WHAT TO PRODUCE: An exact copy is needed of the lines in the entries below from the line with "2015 Lincoln MKZ" up to and including the line with "KEELGABEYTHEART page 9 full", and of nothing else. Leave the pictures out.

Image-caption web data:

- - - -

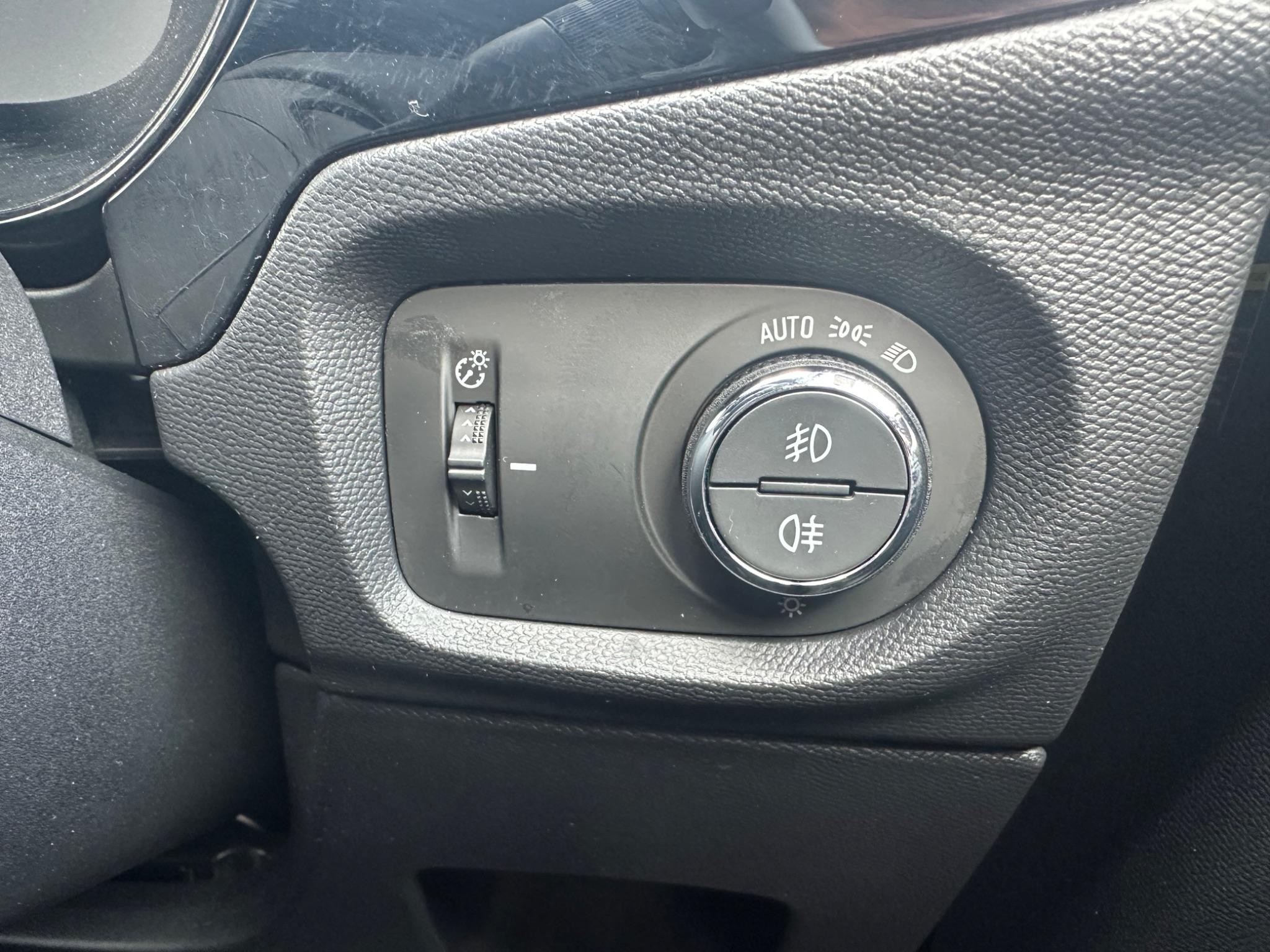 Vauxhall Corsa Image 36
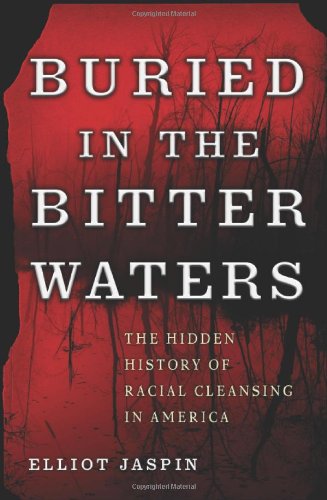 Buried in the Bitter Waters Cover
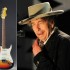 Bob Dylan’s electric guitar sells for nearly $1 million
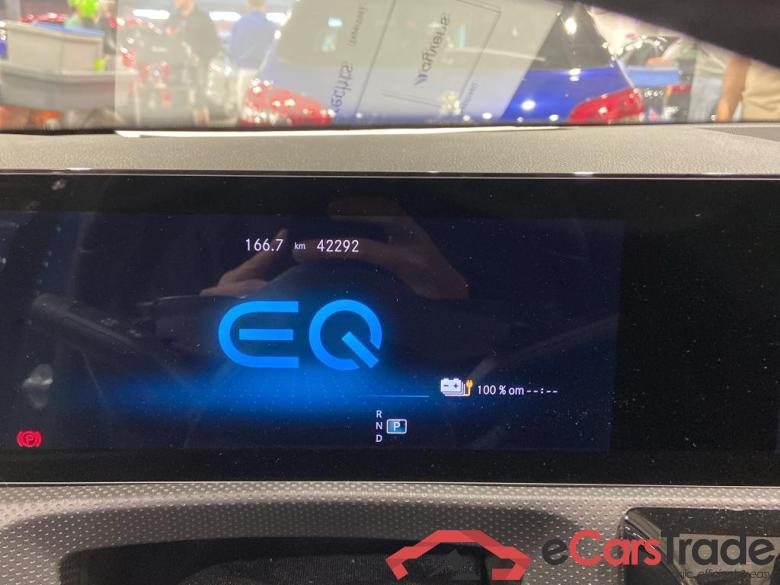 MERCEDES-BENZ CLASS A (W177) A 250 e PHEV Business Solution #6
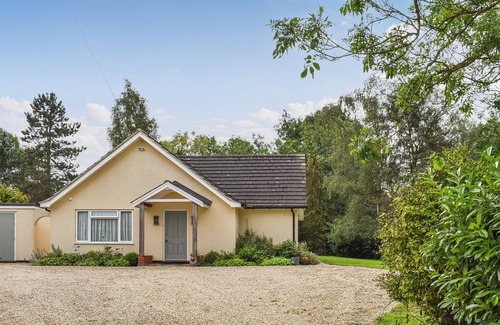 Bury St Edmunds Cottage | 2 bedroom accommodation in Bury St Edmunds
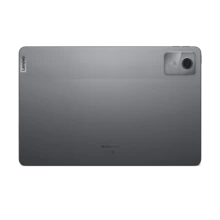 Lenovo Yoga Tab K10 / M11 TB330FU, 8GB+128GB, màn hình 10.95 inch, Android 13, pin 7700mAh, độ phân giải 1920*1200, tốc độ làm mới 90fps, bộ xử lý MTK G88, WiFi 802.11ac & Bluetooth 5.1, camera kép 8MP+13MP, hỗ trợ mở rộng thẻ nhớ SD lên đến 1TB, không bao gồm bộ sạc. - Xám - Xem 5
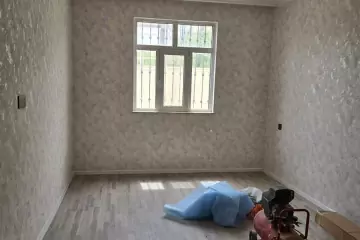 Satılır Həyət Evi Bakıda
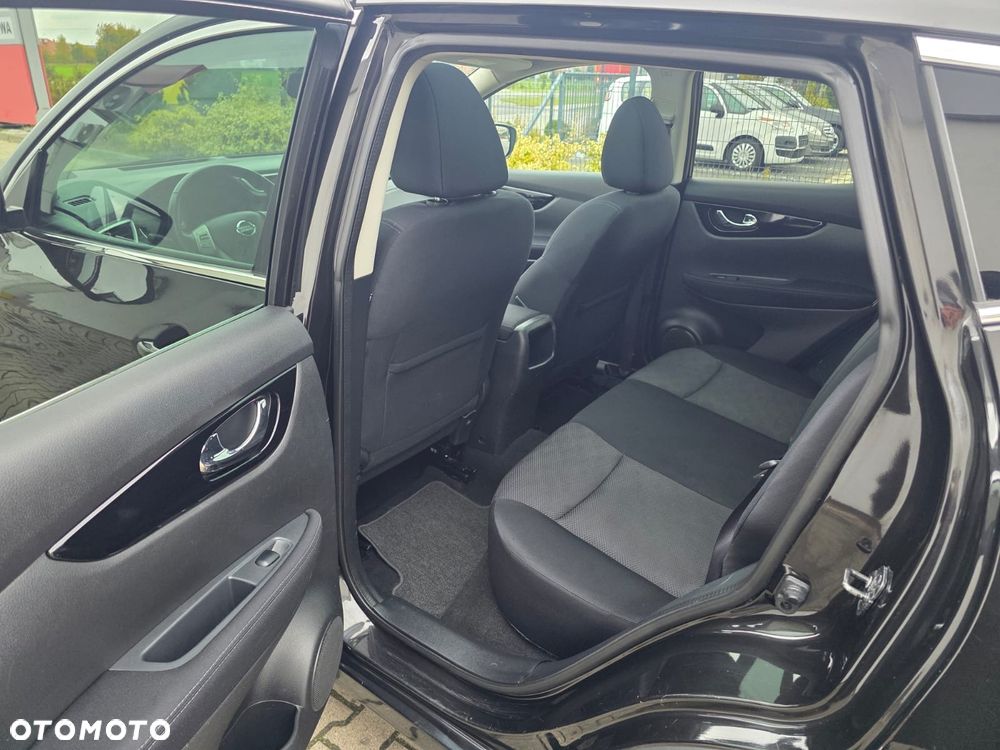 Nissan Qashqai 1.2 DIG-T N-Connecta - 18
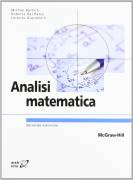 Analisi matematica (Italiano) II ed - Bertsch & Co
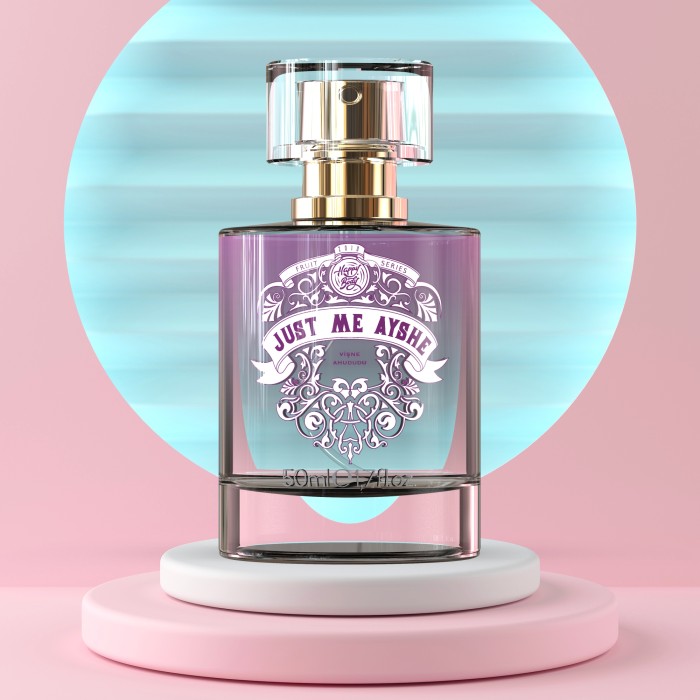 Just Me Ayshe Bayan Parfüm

- - - -

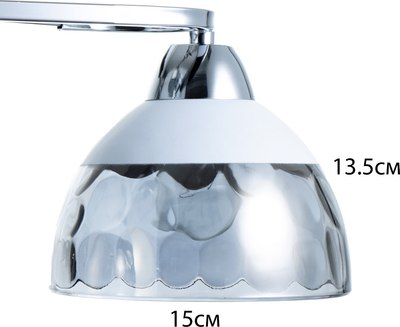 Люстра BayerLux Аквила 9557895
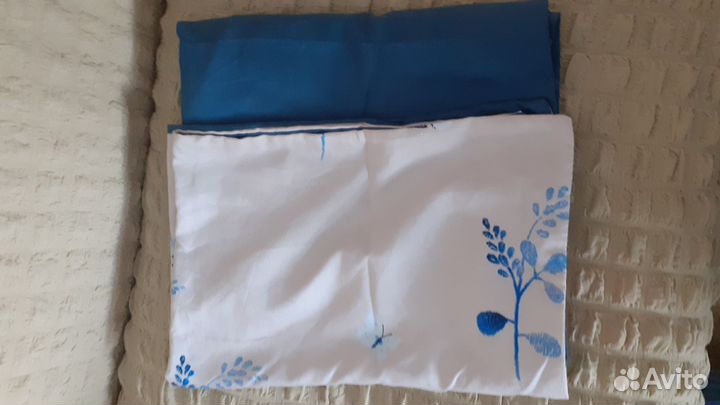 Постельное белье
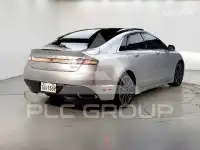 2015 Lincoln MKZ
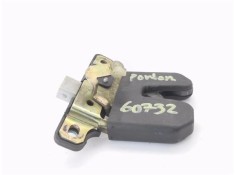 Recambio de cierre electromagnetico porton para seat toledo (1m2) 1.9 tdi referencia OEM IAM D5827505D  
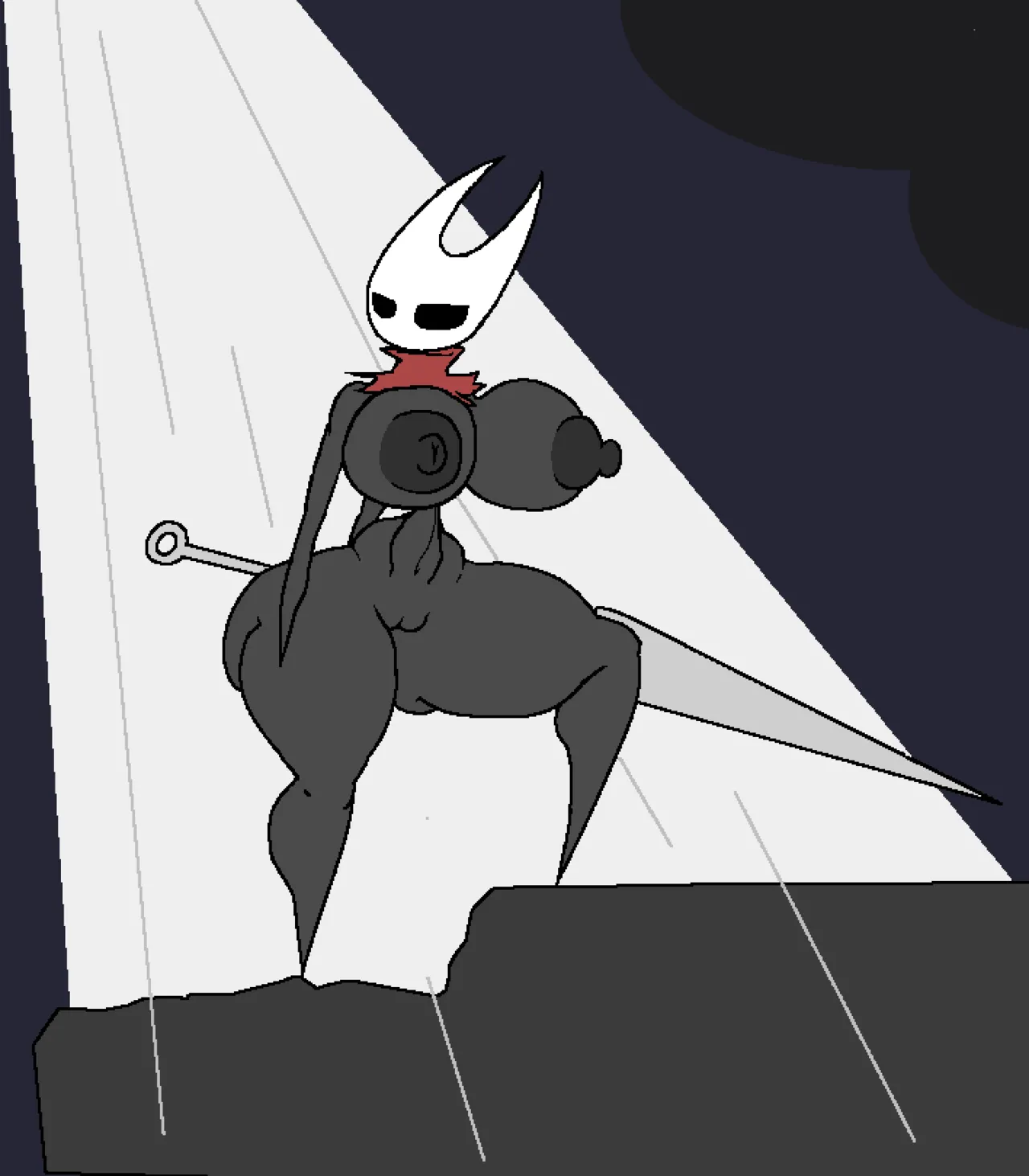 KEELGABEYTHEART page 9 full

- - - -

YOUR RESPONSE:
 2015 Lincoln MKZ
 Recambio de cierre electromagnetico porton para seat toledo (1m2) 1.9 tdi referencia OEM IAM D5827505D  
 KEELGABEYTHEART page 9 full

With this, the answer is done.